Election fraud detection with data analysis
Why can we say just based on detailed election results if something was fiddled with
The concept of democracy has triumphed on normative level across the world. Large portion of even the most repressive regimes in the world carefully try to emulate even a semblance of democracy, even if it is with farcical and implausible vote margins where the autocrat receives 95% of the vote. It produces legitimacy to be proven popular – and they want their part of it.
It is truly an unfortunate reality for those who want to keep a democratic façade that as you go to a more detailed level with the election results for increased transparency and legitimacy, the voting data becomes increasingly harder to tamper with. This happens chiefly because exponentially more dimensions have to be taken into account for the data to remain credible: numbers of the data itself, historical voting patterns of the electoral area, geographical considerations and consistency especially related to neighbouring areas, timing considerations on election day and increasing vote share. And so on. Meaningful change in voting patterns requires a reasonable explanation as to what development caused it and why. It doesn’t just happen out of blue. When stuffing extra ballots to one box, you need to fix all the distortions it causes to a dizzying level across time and place.
Natural, non-tampered election result data obeys a slate of statistical rules. On most elementary level, the turnout level of mass of electoral areas (precincts, vote booths, municipalities, et cetera) follows a rather strict unimodal rule – it does not have several peaks long apart from each other. Rather, it resembles a bell curve, strictly with one clear peak.

Take for instance the 2020 US Presidential Elections in the state of Illinois above. The turnout in the state was a nudge above 72%, and the mass of the individual precincts are clustered around that mark. With a decreasing volume as we get farther from the centre where the vast mass of precincts are. Which obviously makes intuitive sense: If turnout for the whole state is 72%, most of the data usually is clustering close to that. Think height or PISA scores.
After all, it is really not a good look to have a bunch of voting areas with 98% turnout, especially when the turnout elsewhere is lower by orders of magnitude. Yet that is precisely what happened with Moscow gubernatorial elections of 2023. The candidate of the hegemonic United Russia party, Andrey Vorobyov, received over 80% of the vote and cruised to governorship of the capital region. The catch? Over 80 voting areas had a turnout of exactly 100%, and Vorobyov happened to receive over two million votes in the areas in question – two thirds of his total vote. More, the general turnout without those few hand-picked regions slugged around 10%. Not exactly subtle.

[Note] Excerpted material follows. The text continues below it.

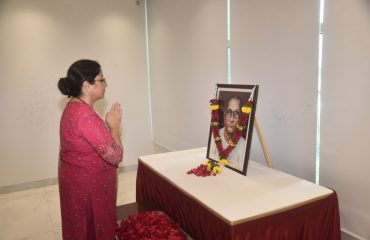 17.09.2023 : Raj Bhavan pays tributes to Prabodhankar Thackeray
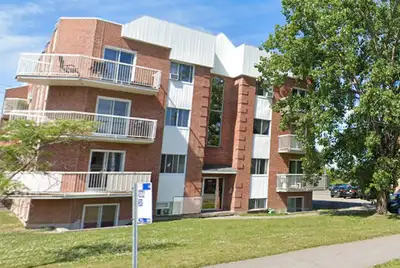 ***4 ½ nouvellement rénové****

Especially physicist Sergey Shpilkin and the election monitor Golos have pioneered statistical tools to detect fraud, ballot-stuffing and other election-related wrongdoing from afar that goes much deeper than ordinary turnout histograms as above. And with a good reason. The statistical analysis of election results have a host of appealing features. The techniques are much less dependent on benevolence of the autocrat in allowing impartial electoral observers. You can imagine how much Alexander Lukashenko and Nicolás Maduro like to let outsiders snoop around investigating their delicate machinations on whether everything happens properly with elections.
Simultaneously the reach of prodding election data is infinitely more vast, comprehensive and takes less resources. With the amount of money and time it takes to organise a monitoring mission to Irkutsk or Maracaibo, one can employ a legion of statisticians prowling through the official data that the autocrat purports to be the real deal. And, deliciously, it most likely will turn the legitimacy-yearning façade against its very purpose, if tampering happened.
Additional dimension to turnout can be reached with contrasting vote share with it, with both absolute vote tallies and relative vote share of the total. Below are the two graphs done based on Italian Parliamentary Elections few years ago.
We can again notice the alluring feature of the left-hand panel showing a unimodal curve with all parties. The largest sum of total votes lays close to centre, as the vast majority of the voting districts are with a more or less average turnout. In turn, low and extremely high turnouts compared to average are uncommon, not numerous and hence produce low vote totals as there are so few of them. On the right we can notice that none of the parties received suspiciously high or low vote shares in high or low turnout municipalities.
These perfectly normal election results start to stand out when we contrast them again to a case of particularly egregious fudging. The election monitor Golos has helpfully collated some notorious ones from Russia, which regularly rigs the vote to prop up the governing regime of Vladimir Putin and his party.

The above graph is from the regional elections of 2023 in Russia, from the region of Samara. The plots are in same configuration as in the Italian case further above; left one sums up total votes by each election station with a certain turnout, right one contrasts the turnout with the vote share of a candidate or party.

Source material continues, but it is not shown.